A well-fitting rug is a must, not just for your horse’s comfort, but for safety too.

A rug that fits correctly should cover your horse’s body well. There should be no tightness, or it will rub your horse’s shoulders and withers.

Also, a rug that’s too big may slip causing discomfort, and can be dangerous.

If you’re not sure what you should be checking, follow our five simple points to ensure your horse is comfortable and safe.

Does he have freedom to move?

The rug should be roomy enough to do the front fastenings up without putting pressure on your horse’s chest.

Once fastened, you should be able to easily slide your hand inside the rug, down the side of his shoulder and around his chest.

Is it positioned well?

The rug should sit approximately 2in to 4in in front of your horse’s withers, so it doesn’t cause any pressure or rubbing.

It should also reach to the top of his tail.

Is it the right depth?

Take a step back and see how deep the rug is.

It should come down your horse’s sides far enough so that you can’t see his belly.

If the rug isn’t deep enough it’ll look a bit like a miniskirt, exposing some of his tummy to the elements.

Do the surcingles fit?

These need to be adjusted so you can comfortable fit your hand between the strap and your horse’s belly.

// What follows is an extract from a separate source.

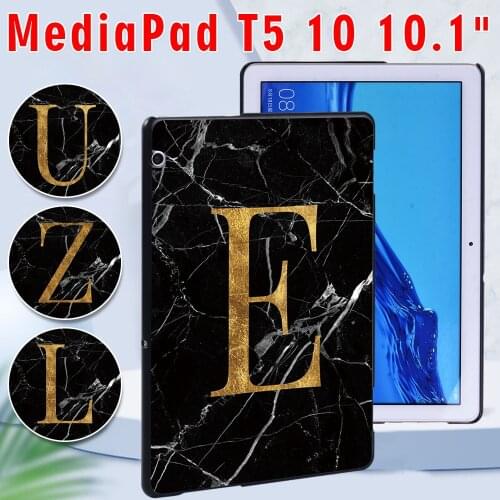 Case for Huawei MediaPad T5 10 10.1 Inch Anti-Fall Initials name Back Case + Free Stylus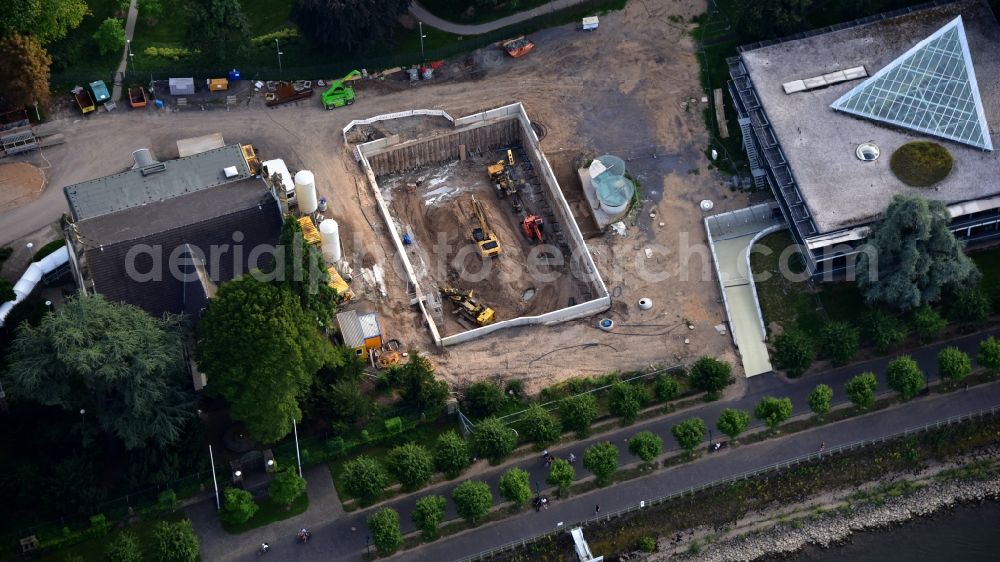 Bonn from above - Construction site to build a new office and commercial building UN-Campus Bonn in Bonn in the state North Rhine-Westphalia, Germany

Too loose and he could get a leg caught when he rolls, too tight and they may cause discomfort by pulling the rug down over his withers.

Does the neck cover fit?

Check the neck cover is long enough so it offers protection from the wind and rain especially when your horse has his head down while grazing.

Also check the neck cover is deep enough, if it’s too tight it will rub his mane.

Do the leg straps need adjusting?

Not all rugs have them, some will have just a fillet string.

Careful adjustment is needed so your horse can move freely, but so they’re tight enough that there’s no danger of him getting caught in them when he rolls.

Loop one leg strap around his back leg and fasten it to the ‘D’ rung on the same side.

Repeat on the other side, passing the second leg strap through the first so they’re linked before fastening.

The straps should be adjusted to allow a hands’ width between your horse’s thigh and the strap.